ELDON, MO – There’s no stopping 63-year-old Sammy Swindell.
While several race car drivers are retiring in their 40s or 50s, Swindell continues to climb behind the wheel of 900hp Sprint Cars without hesitation.
“It’s all I’ve ever done,” Swindell said.
The Germantown, Tenn. native is an original outlaw. He ran in the World of Outlaws NOS® Energy Drink Sprint Car Series’ inaugural 1978 season, and since then amassed three Series championships, 394 Series wins and has broken several Series records.

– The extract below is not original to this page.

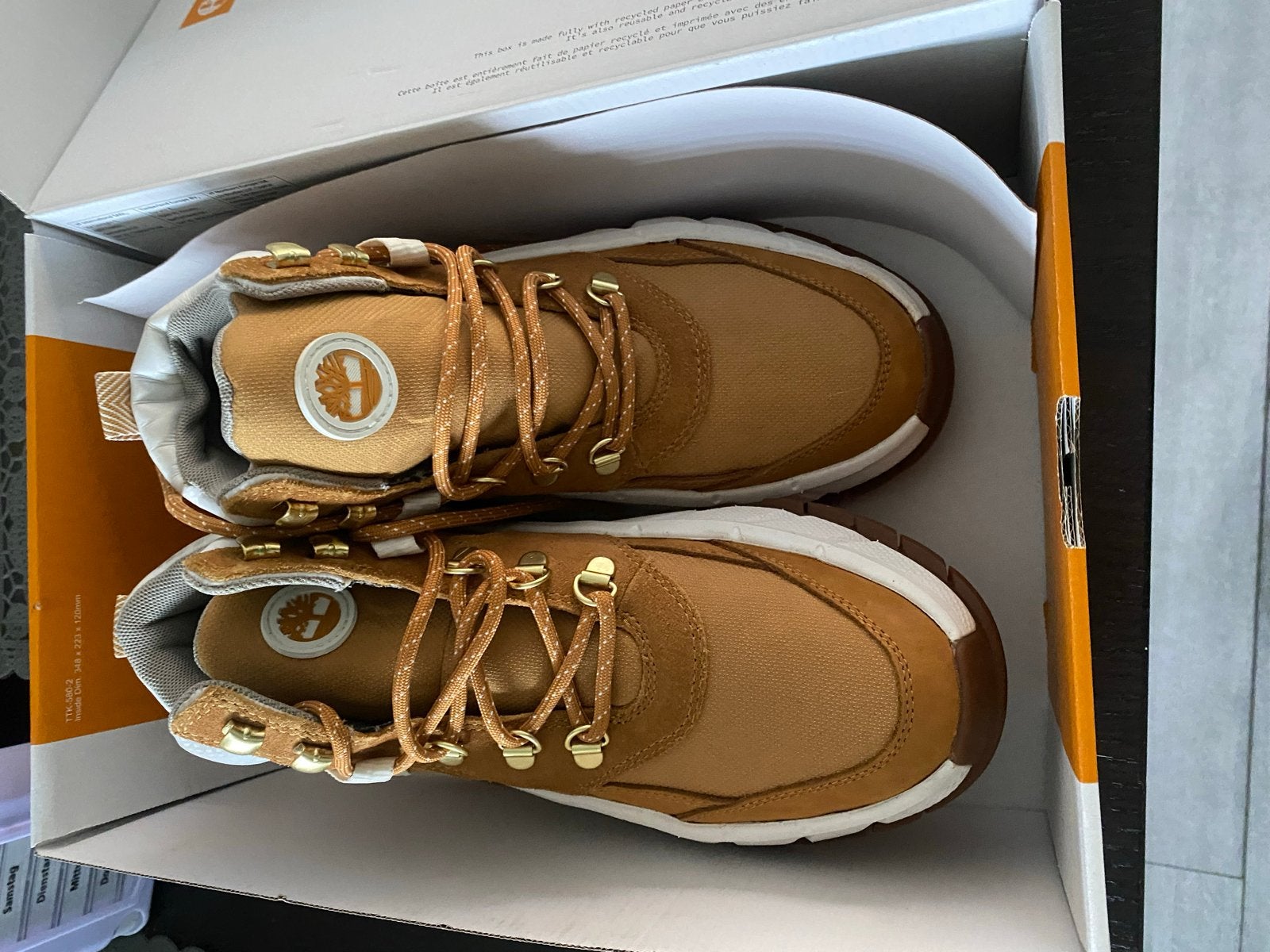 Timberland TBL Turbo Mid Hiker Wheat Suede - Nieuw in doos, Ophalen of Verzenden, Nieuw, Bruin, Sneakers of Gympen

He continued his more than 30-year Sprint Car career, racing with the World of Outlaws, April 12, at Devil’s Bowl Speedway in the No. 1 Thone Motorsports car — his ride for 40 to 50 Sprint Car races this year, which include several World of Outlaws races. Next on his schedule is the Midwest triple-header weekend at Lake Ozark Speedway on Friday, April 26, Federated Auto Parts Raceway, on Saturday, April 27 and Jacksonville Speedway on Sunday, April 28.
“It’s just, I love driving Sprint Cars,” Swindell said. “And the 410s are kind of the ultimate deal. We could go run a lot of other little shows, but you got to beat the best to know you’re that close, or that good. I’ve always not shied away from running with the best cars.”
There’s no slowing him down, and his son, Kevin Swindell, knows it.
In 2000, Sammy took a step back from racing to spend more time on Kevin’s career. But that still didn’t stop him from racing; and winning. He won his fifth and final Chili Bowl Midget Nationals win in 2009, and claimed several World of Outlaws victory after that time — his last Series win coming at Eldora Speedway in 2014.
Kevin suffered a spinal injury during the 2015 Knoxville Nationals that ended his racing career. While he supports his father’s racing habits, he does worry about him.
“A part of me wishes he would just quit and not hurt himself or just wear his body out to the point he can’t just relax and enjoy a real retirement,” Kevin Swindell said. “I think until we can find him something that can really consume his time, it’s gonna be hard to get him to slow down.”
Sammy Swindell said people have asked him when he is going to retire. His answer, “I don’t know.”
“You know, it might be one day when I can’t see as good, or I can’t do this, or I’ve got some kind of handicap deal, something that’s keeping me from being competitive or winning races,” Swindell said. “Well then that’s time for me to do something, kind of step back and maybe not do the driving anymore.”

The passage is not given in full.